Fresh pastries and bakery, biscuit, confectionary and pastry products;
1. Product name:
Tartufi dolci della Calvana
2. Other names:
3. Short product description:
This product is shaped and coloured like the truffle of the Calvana Mountains and was particularly enjoyed by scientist Galileo Galilei, who tasted it while staying with the Buonamici family. The colour varies depending on the ingredients. It’s 3-4cm in size taking into account the product’s artisanal nature. All variations have a chocolate base and a touch of Aleatico wine. Versions that use chestnut flour are lighter in colour.
4. Production area:
Municipality of Vaiano
5. Production status:
r disappeared r at risk r active
6. Production process:
Depending on the type of biscuit, the ingredients are mixed in an electric mixer then shaped by hand into balls of dough, placed in a tray and baked at 240°C for 15 minutes.
7. Materials, equipment and premises used for production:
– Electric mixer
– Baking trays
– Biscuit bakery
8. Notes on traditionalism, homogeneity of spread and persistence of production rules over time:
Tartufi Dolci della Calvana are inspired and named after the traditions of the territory. The basic idea is to make something kept soft by the use of locally produced olive oil and bring a hint of quality to a typical peasant recipe from Calvana, an area with ancient settlements where the history of agricultural sharecropping and wealthy nobility are interwoven, creating a fascinating meeting point of taste. It was in these big farm kitchens that they met, on one side the simplicity and creativity of the peasants, on the other, the curiosity and flavours of global travels. The oven and baking method, housewives’ secrets, marry with taste and accent the ingredients used, from season to season.
There are two variations of this flavourful chocolate biscuit, one of which, with a mix of chestnut flour and a touch of Aleatico wine harks back to those who would “rejoice the heart and mind of Galileo with juice of the grape” cultivated on the hills of Sofignano in the Vineyard of Venus. Galileo particularly liked these biscuits and they are still made in his memory today.
Flavours of Calvana and pleasures of the table, the product is part of a taste journey that travels back in time and past the bountiful table of Buonamici di Sofignano, owner of the S.Gaudenzio villa and farm. It was a pleasure of the palate during the villeggiatura, appearing in banquets with Agnolo Firenzuola in the 16th century and Napoleon’s French generals between the 18th and 19th centuries.

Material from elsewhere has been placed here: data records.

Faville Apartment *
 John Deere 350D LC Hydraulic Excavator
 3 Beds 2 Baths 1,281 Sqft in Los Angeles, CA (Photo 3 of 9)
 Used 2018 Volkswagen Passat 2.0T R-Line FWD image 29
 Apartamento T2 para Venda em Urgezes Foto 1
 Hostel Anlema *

It marries simplicity and abundance, which in Sofignano are part of a traditional festival that has been celebrated every June 26 for three and a half centuries.
Above all, it’s about the simplicity of traditional tastes joined with sophisticated flavours, shaped by the fashions of the era and the triumphant arrival of chocolate and coffee to the villa in the 18th century and the influence of Mamluk Mustafa Effendi, who, from 1825-1835, was a guest with the Buonamici family and the star of the villeggiatura to Sofignano
Annual production sits at around 840kg, primarily bought in store by local consumers. At the moment, Tartufi dolci della Calvana are only made by one bakery in Vaiano.
The product can be tried at Re Tartufo – Mercatino, animazioni e Convivio del tartufo autentico della Calvana Festival (End of November/beginning of December).